COMEDIE-FRANÇAISE : Le Duel, pièce en trois actes, par M. Henri Lavedan. — VAUDEVILLE : L’Armature, pièce en cinq actes tirée du roman de M. Paul Hervieu, par M. Eugène Brieux.


Était-il possible, en plein vingtième siècle, de mettre à la scène une pièce qui, à la manière des moralités de notre ancien théâtre, ne serait qu’un dialogue entre l’esprit et la chair, le ciel et l’enfer, Dieu et Satan ? Dans cette pièce qui emprunterait sa substance à la morale religieuse et qui ne tirerait son action que du progrès d’une analyse de plus en plus aiguë, pourrait-on introduire tous les élémens du drame, un intérêt humain, des êtres vivans pour ou contre qui nous prendrions parti ? La tentative était pour déconcerter les plus audacieux ; d’autant qu’il ne suffisait pas de la mener honorablement à bonne fin : il fallait y réussir avec éclat, y triompher de haute lutte. C’est ce que vient de faire M. Henri Lavedan.
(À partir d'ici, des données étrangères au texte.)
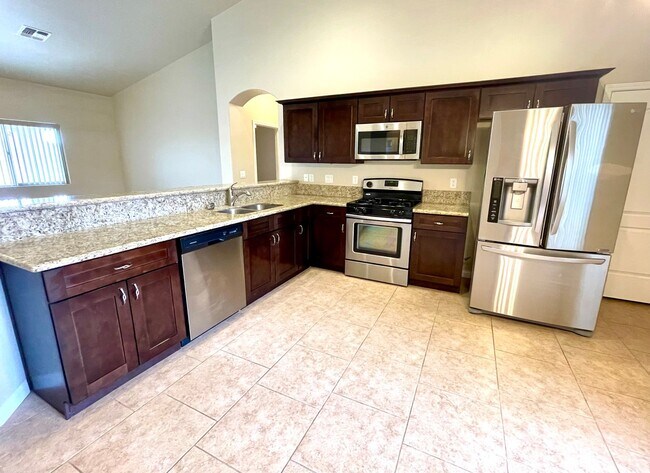 Building Photo - Beautiful 3 Bedroom Home in Hualapai Shadows! *HOME IS CURRENTLY OCCUPIED, PLEASE DO NOT DISTURB ...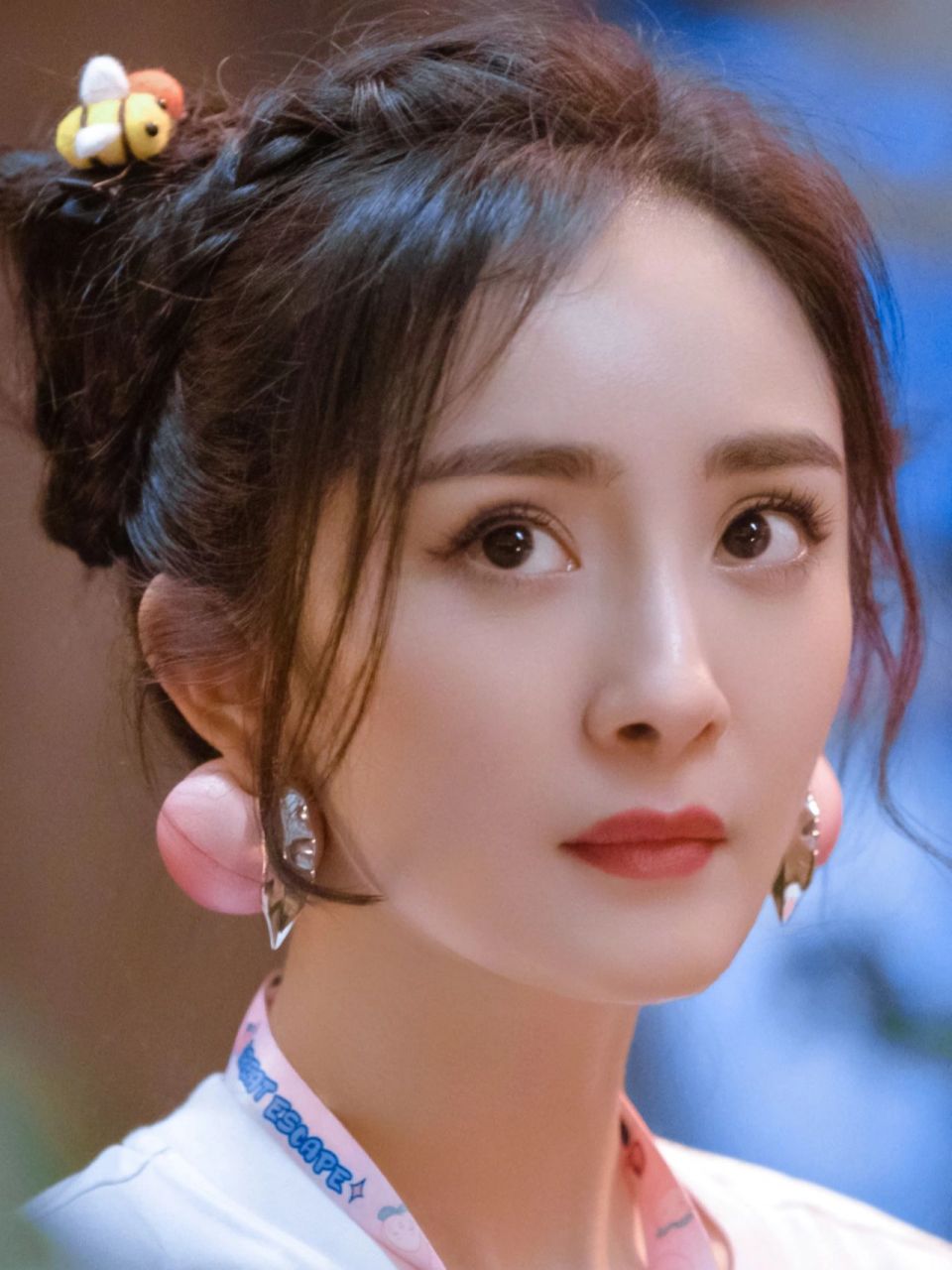 杨幂霸气丸子头,让人惊叹不已!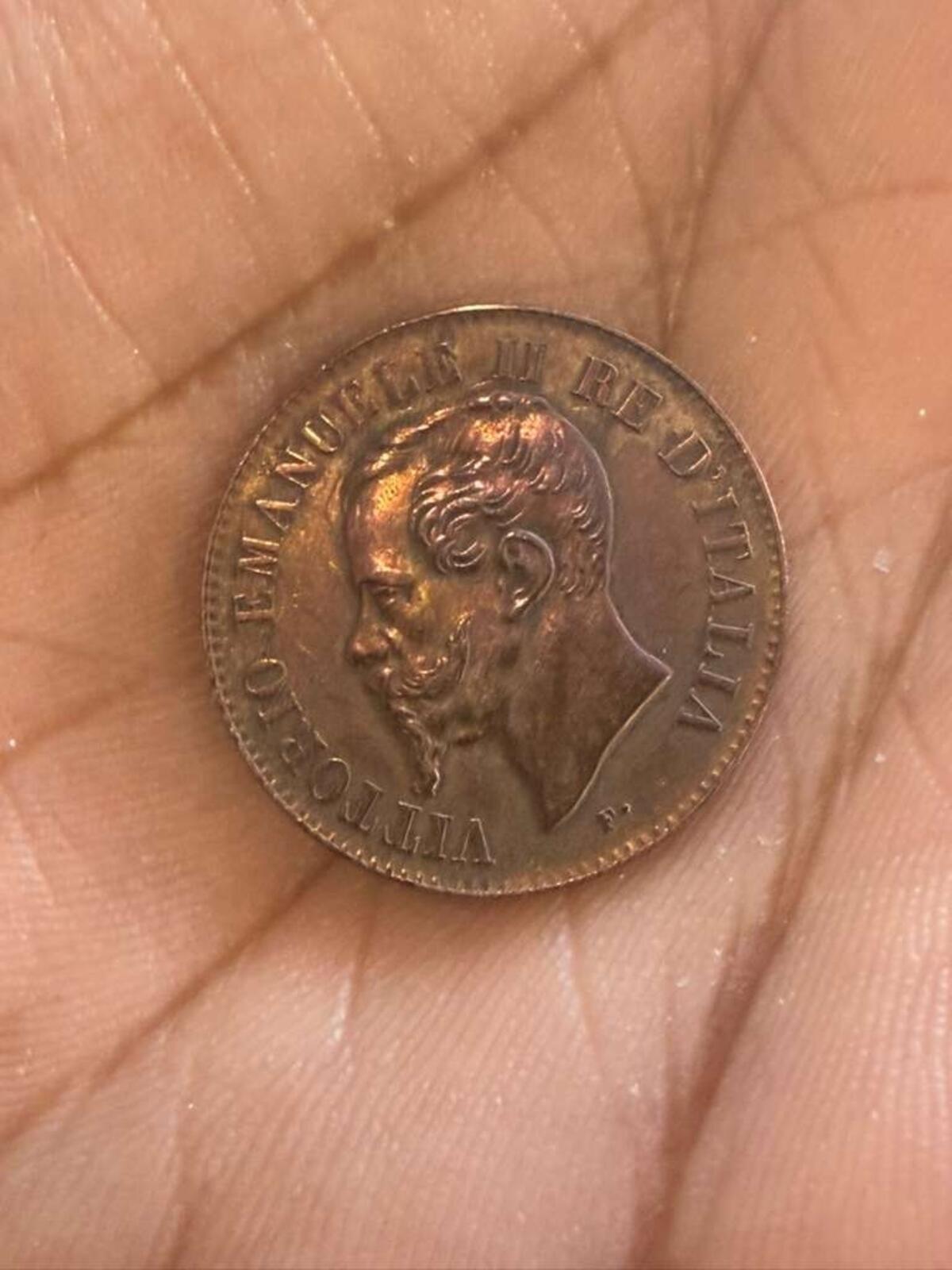 ITALY. 2 CENTESIMI, 1867 VITTORIO EMANUELE II Uncirculated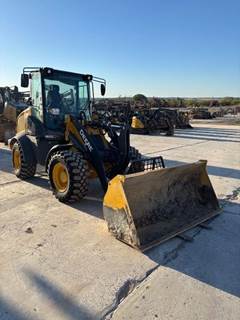 John Deere 324 P-TIER Wheel Loader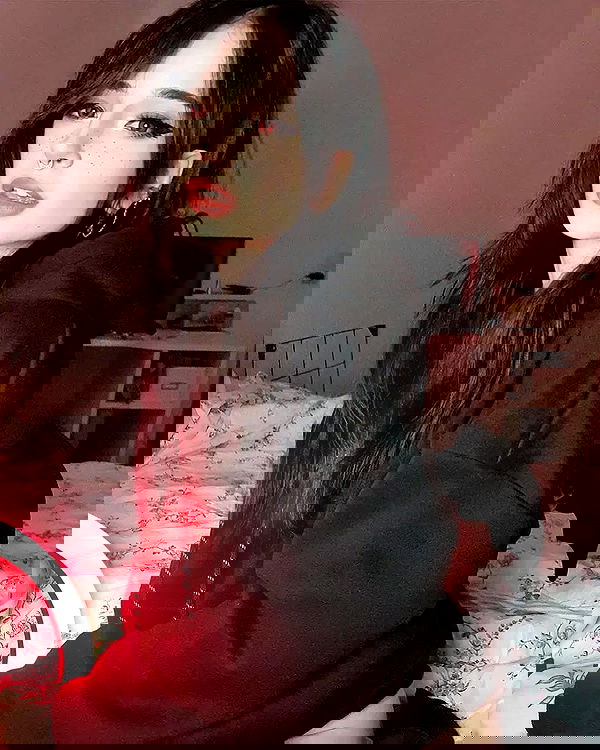 cata.leyah image ~ Altpins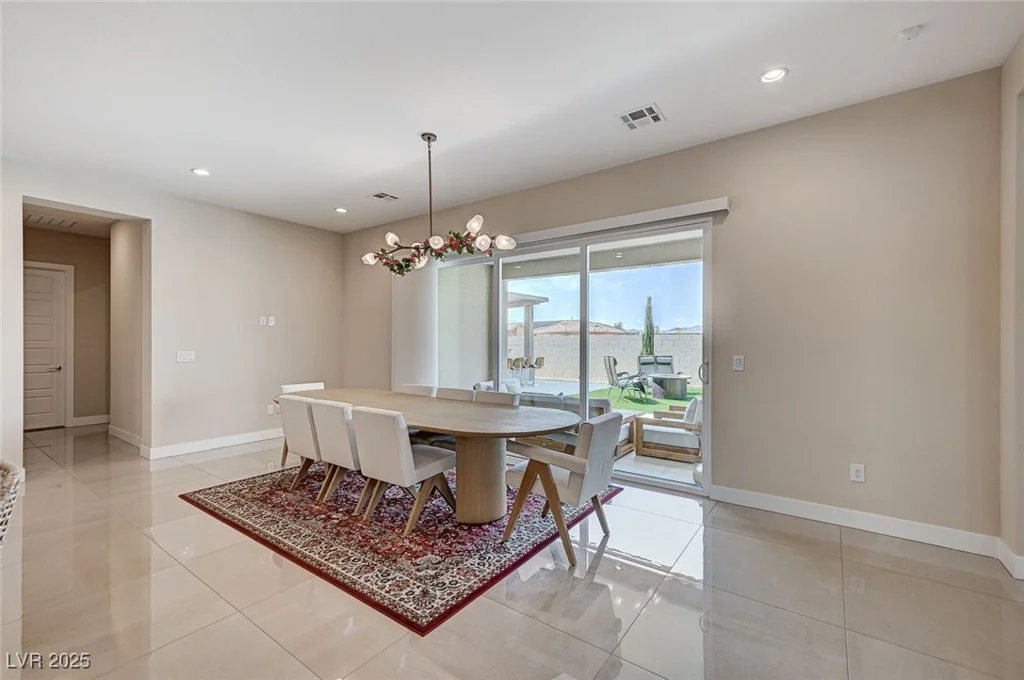 7590 Sky Horse, Las Vegas, NV 89113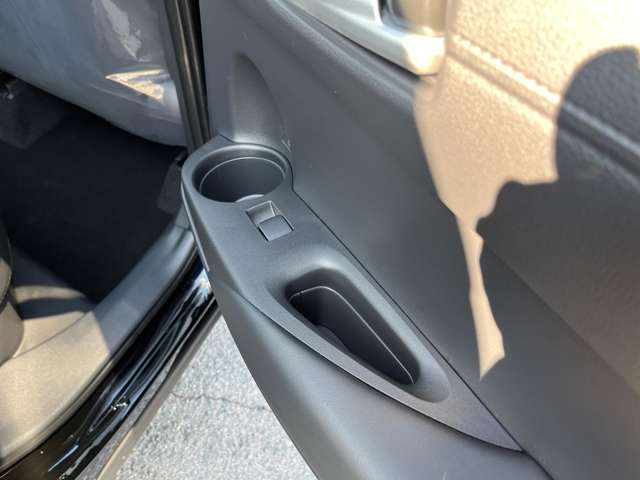 トヨタ カローラクロス　ハイブリッド １．８ ハイブリッド Ｚ R6年 (九州・沖縄) 99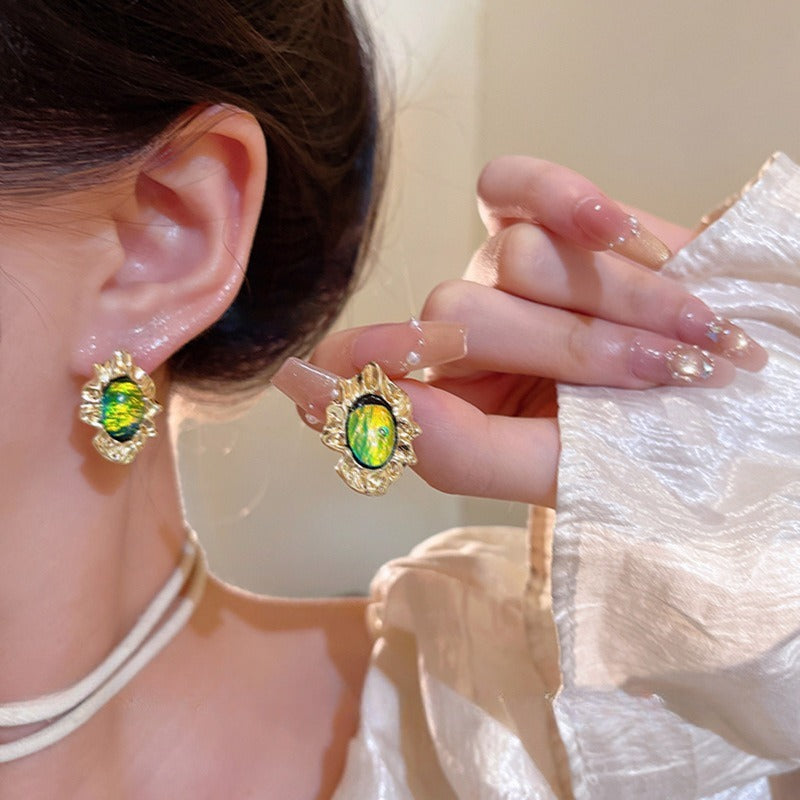 Retro New Pleated Metal Irregular Green Earrings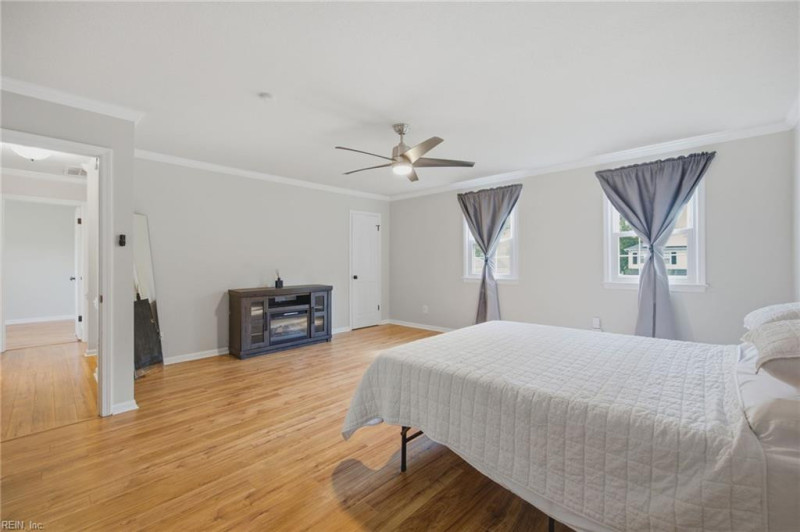 Photo 23 of 31 residential for sale in Virginia Beach virginia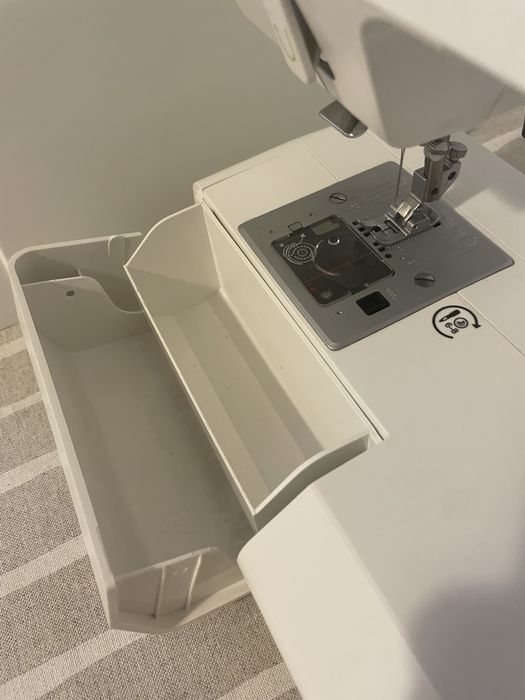 Máquina costura Smarter Pfaff 140s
Sa nouvelle comédie est une des plus originales et des plus hardies que nous eussions entendues depuis bien longtemps. Elle forme une espèce de contraste violent avec les platitudes où se traîne si souvent le théâtre d’aujourd’hui. Elle nous transporte, d’une poussée vigoureuse, dans la région des belles discussions, de la philosophie et de l’éloquence, sans rien abandonner des exigences de la scène. L’auteur du Prince d’Aurec et du Marquis de Priola ne nous avait encore rien donné qui lui fit tant d’honneur.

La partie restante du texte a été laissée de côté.